Físicamente, y para satisfacer los instintos reprimidos durante sus pensamientos solitarios le gustaban el vaquero y el hijo del médico, pero no para casarse. Sabía lo difícil de satisfacer sus fantasías en un pueblo donde, tarde o temprano todo se conoce y los chismes vuelan de boca en boca a la velocidad de la luz… pero el día que tenía la sangre alborotada después de una agitada noche de sueños eróticos y la visitó el apuesto y simpático vendedor de seguros que llegó de Cali y al que invitó a seguir a la sala y además de venderle una póliza, la sedujo aprovechando la prolongada represión de sus instintos, que como un volcán dormido estaban a punto de estallar, su vida en el pueblo se complicó, al ser testigos sus enamorados frustrados sentados en las bancas del parque, de las frecuentes y prolongadas visitas de Enrique Guerrero, con su maletín de vendedor.. .suceso inusual en la vida de viuda resignada y recatada que había mostrado hasta ese momento.

-rrr…patojita querés cacao…rrr-

-Eloísa, venda la hacienda, compre una bonita casa en un barrio residencial de Cali, hágase socia de un buen club social y ¡váyase!, que aún está joven y bella y puede encontrar un buen partido… porqué… sí se queda en este pueblo… ¡se la comen los bochinches y los chinches…mijita!… ¡y se va a enterrar viva!.. Yo tengo buenas amistades y la puedo relacionar bien-, le dijo Nelly, su prima con la que solía jugar cuando eran niñas y la visitó durante unos días, reponiéndose de un mal parto en el que perdió la criatura.
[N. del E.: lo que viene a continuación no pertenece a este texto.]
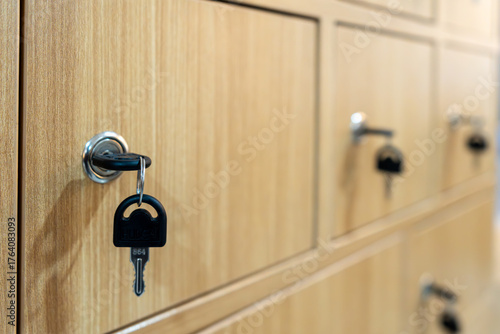 Foto Wooden locker with hanging keys for deposit box in public facilities and service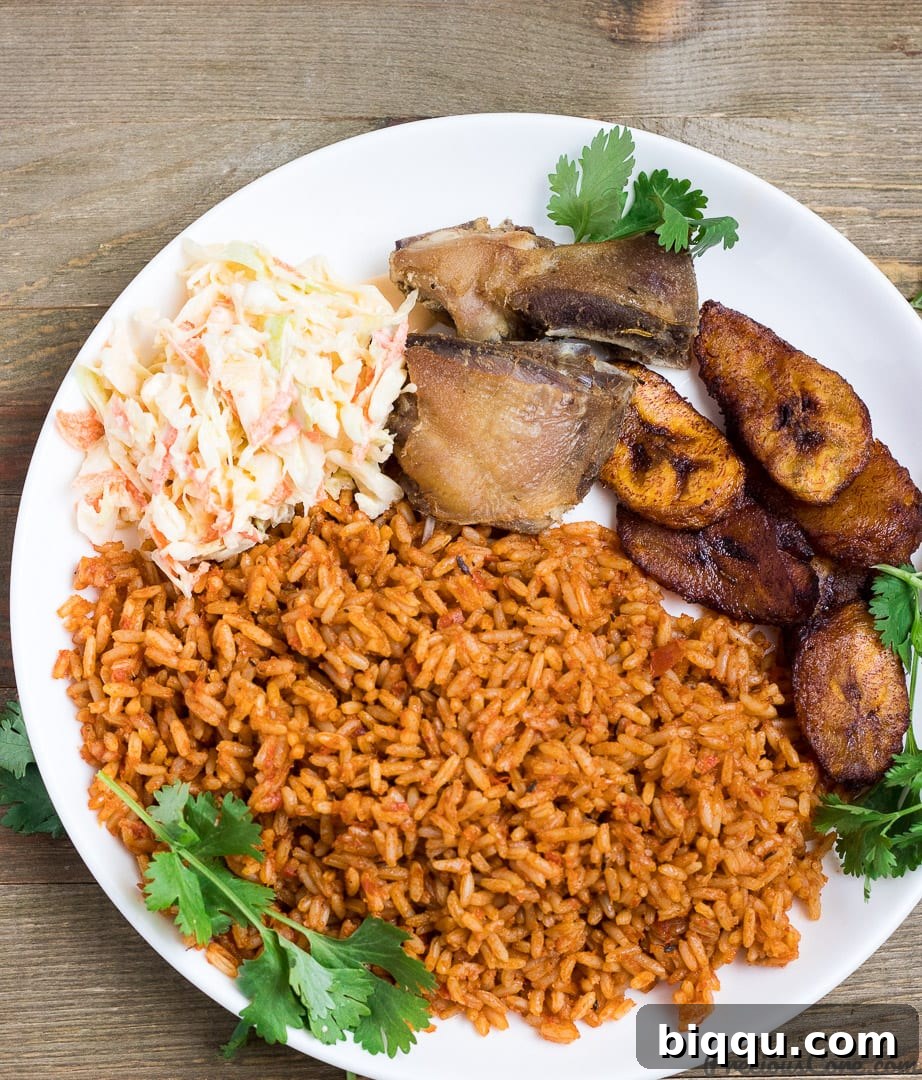 Overhead view of Nigerian Jollof Rice cooking in a pot, showing rich red color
Ya había aceptado el consejo de su prima y concretó al abogado de la familia, para que adelantara la venta de sus bienes, pero la noticia acabada de recibir la dejó atónita y desesperada, pues Luisa, su ama de llaves, llegó a contarle jadeante, que -a Rubén, el hijo del médico lo encontraron con la lengua afuera y los ojos desorbitados…¡ahorcado en el baño de la casa! mi señora… pero que eso no es lo peor, sino la carta que dejó escribiendo… ¡qué era por usted!… “que había traicionado su amor entregándosele a ese aparecido del vendedor de seguros”.

Desde ese momento su vida se volvió un infierno y por su mente se cruzaron imágenes de la película de Zorba el Griego, proyectada hacía pocos días en el teatro del pueblo.

Se le arrumaban escenas de las abuelas y madres de los pescadores, vestidas de negro, acechando como arpías, junto a los hombres…todos listos a lapidarla, después que la viuda amaneció con el inglés y el insistente joven enamorado, -los vio entrar a la alcoba de la viuda, oculto tras los arbustos desde donde la espiaba todas las noches- y despechado, al llegar a su casa, se clavó un puñal en el corazón. También recordaba los fatales desenlaces de Ana Karenina tirándosele al tren por el inasible conde Bronsky y Madame Bovary, atosigada de arsénico… ambas condenadas por los prejuicios de sociedades machistas que a la mujer no le personaban nada… pero en un momento de calma se dijo -eso fue en el siglo XIX y en las novelas… ¡me voy de este pueblo Ya!-.

– ¡Venga pronto Luisa!… ayúdeme a organizar el equipaje con todo lo necesario y contrate a don Ramón, el dueño de la berlina, para que nos lleve a un buen hotel en Cali, mientras conseguimos donde instalarnos y vendemos la hacienda, éste caserón y los chécheres… Ya siento que vienen en tropel a tumbarme el portón… Avísele al chofer que vamos a salir por la puerta del patio que da a la otra calle.

-rrr…patojita querés cacao..rrr… –

-Y no se olvide de la jaula con Robertico y tráigale las semillas de chiminango-.